Reducing Memory Access Conflicts with Loop Transformation and Data Reuse on Coarse-grained Reconfigurable Architecture
Yuge Chen1, Zhongyuan Zhao1,2,a, Jianfei Jiang1, Guanghui He1, Zhigang Mao1 and Weiguang Sheng1,b
1Department of Micro/NaNo Electronics, Shanghai Jiao Tong University, Shanghai, China
2School of Electrical and Computer Engineering, Cornell University, Ithaca, NY
azyzhao.sjtu@gmail.com
bwgshenghit@sjtu.edu.cn
ABSTRACT
Coarse-Grained Reconfigurable Arrays (CGRAs) are promising to have low power consumption and high energyefficiency characteristics as accelerators. Recent years, many research works focus on improving the programmability of the CGRAs by enabling the fast reconfiguration during execution. The performance of these CGRAs critically hinges upon the scheduling power of the compiler. One of the critical challenges is to reduce memory access conflicts using static compilation techniques. Memory accessing conflict brings the synchronization overhead which causes the pipelining stall and reduces CGRA performance. Existing compilers usually tackle this challenge by orchestrating the data placement of the on-chip global memory (OGM) in CGRA to let the parallel memory accesses avoid the bank conflict.
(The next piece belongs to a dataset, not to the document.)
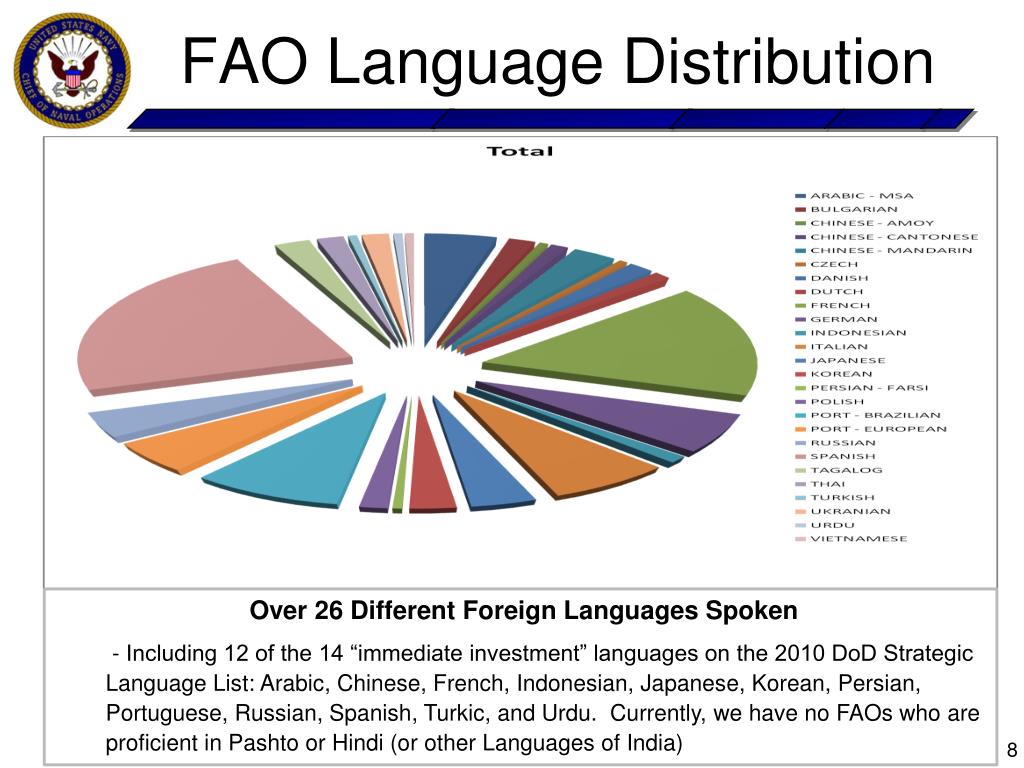 Dod Strategic Language List 2025 Zia Lizzie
However, we find bank conflict is not the only reason that causes the memory access conflicts. In some CGRAs, the bandwidth of the data network between OGM and processing element array (PEA) is also limited due to the low power design principle. The unbalanced network bandwidth loads is another reason that causes memory access conflicts. Furthermore, the redundant data access across iterations is one of the primary causes of memory access conflicts. Based on these observations, we provide a comprehensive and generalized compilation flow to reduce the memory conflicts. Firstly, we develop a loop transformation model to maximize the inter-iteration data reuse of the loops to reduce the memory accessing operations under the software pipelining scheme. Secondly, we enhance the bandwidth utilization of the network between OGM and PEA and avoid the bank conflict by providing a conflict-aware spatial mapping algorithm which can be easily integrated into existing CGRA modulo scheduling compilation flow. Experimental results show our method is capable of improving performance by an average of 44% comparing with state-of-the-art CGRA compiling flow.
Keywords: CGRA, Multi-Bank Memory, Data Reuse, Spatial Mapping.